What the task requires — In the entries below, copy only the lines from the one that contains "Gucci Men White" through the last line, exactly, and omit any pictures.

Data in this exercise —
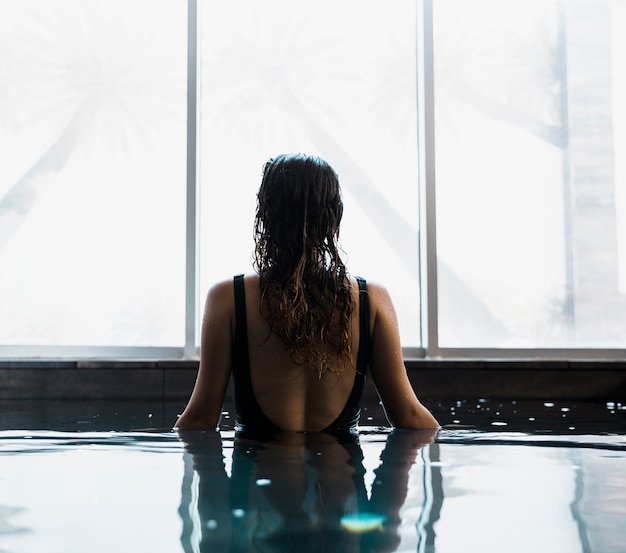 Woman relaxing in spa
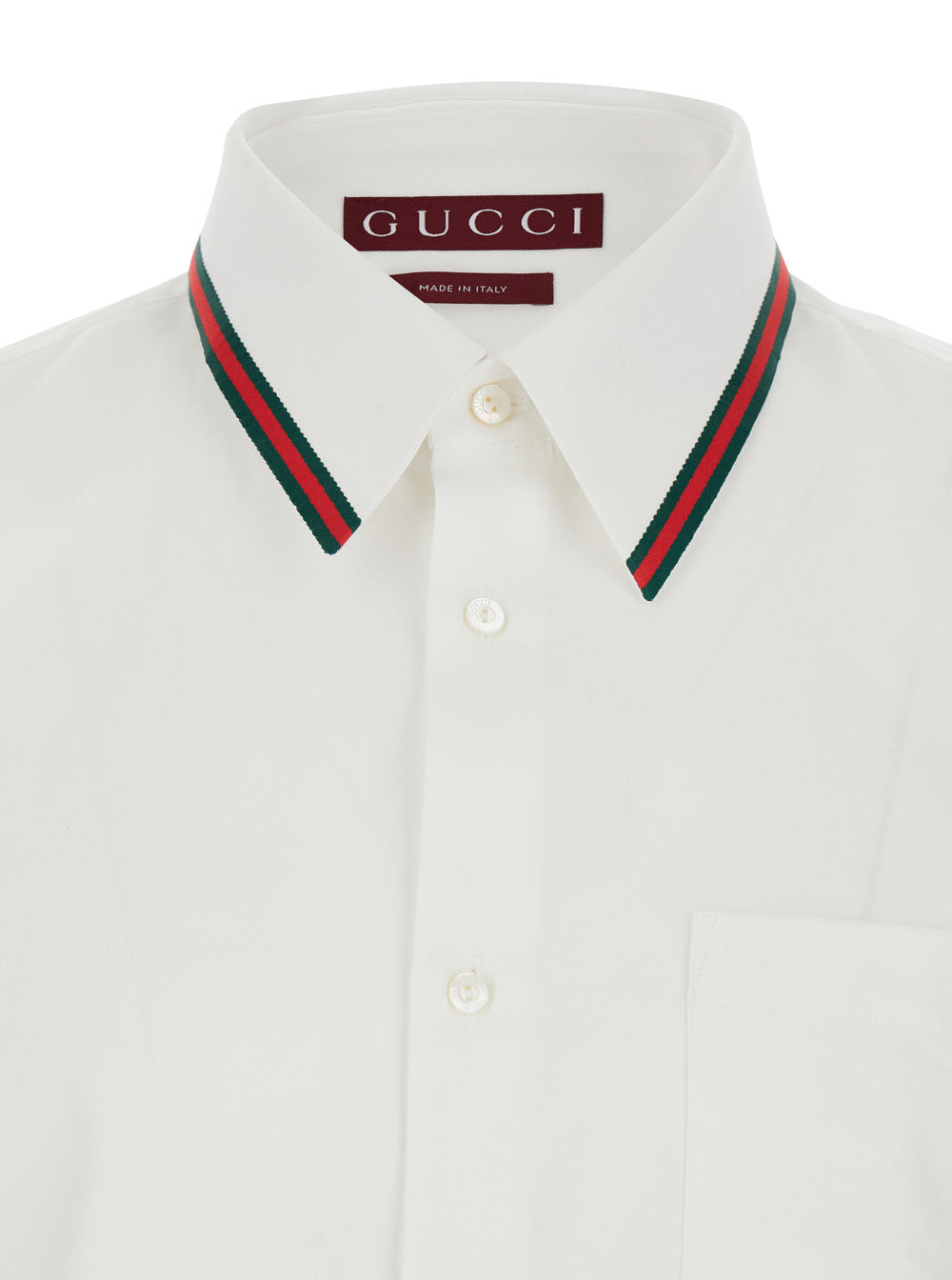 Gucci Men White Shirt With Web Collar In Cotton For Men GUCCI
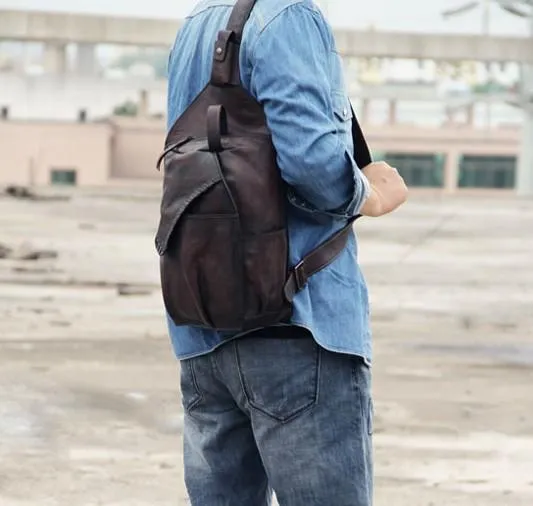 Cool Vintage Leather Coffee Mens Sling Bag Shoulder Bag Chest Bag for Men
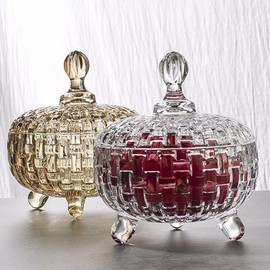 FOMIYES Crystal Glass Candy Jar, 760ml Candy Dish, Cookie Tin Biscuit Barrel, Sugar Bowl Storage Canister with Lid, Jewelry Box Holder, for Home Wedding Party Cotton Swab Storage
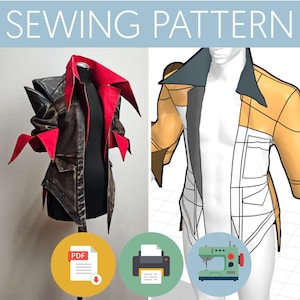 Könnte beinhalten: Ein Schnittmuster für eine Jacke mit dunkelbraunem und schwarzem Steppdesign, leuchtend rotem Innenfutter und spitzen Kragendetails. Das Bild enthält eine digitale Illustration der Jacke, ein PDF-Symbol, ein Druckersymbol und ein Nähmaschinensymbol.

Reply —
 Gucci Men White Shirt With Web Collar In Cotton For Men GUCCI
 Cool Vintage Leather Coffee Mens Sling Bag Shoulder Bag Chest Bag for Men
 FOMIYES Crystal Glass Candy Jar, 760ml Candy Dish, Cookie Tin Biscuit Barrel, Sugar Bowl Storage Canister with Lid, Jewelry Box Holder, for Home Wedding Party Cotton Swab Storage
 Könnte beinhalten: Ein Schnittmuster für eine Jacke mit dunkelbraunem und schwarzem Steppdesign, leuchtend rotem Innenfutter und spitzen Kragendetails. Das Bild enthält eine digitale Illustration der Jacke, ein PDF-Symbol, ein Druckersymbol und ein Nähmaschinensymbol.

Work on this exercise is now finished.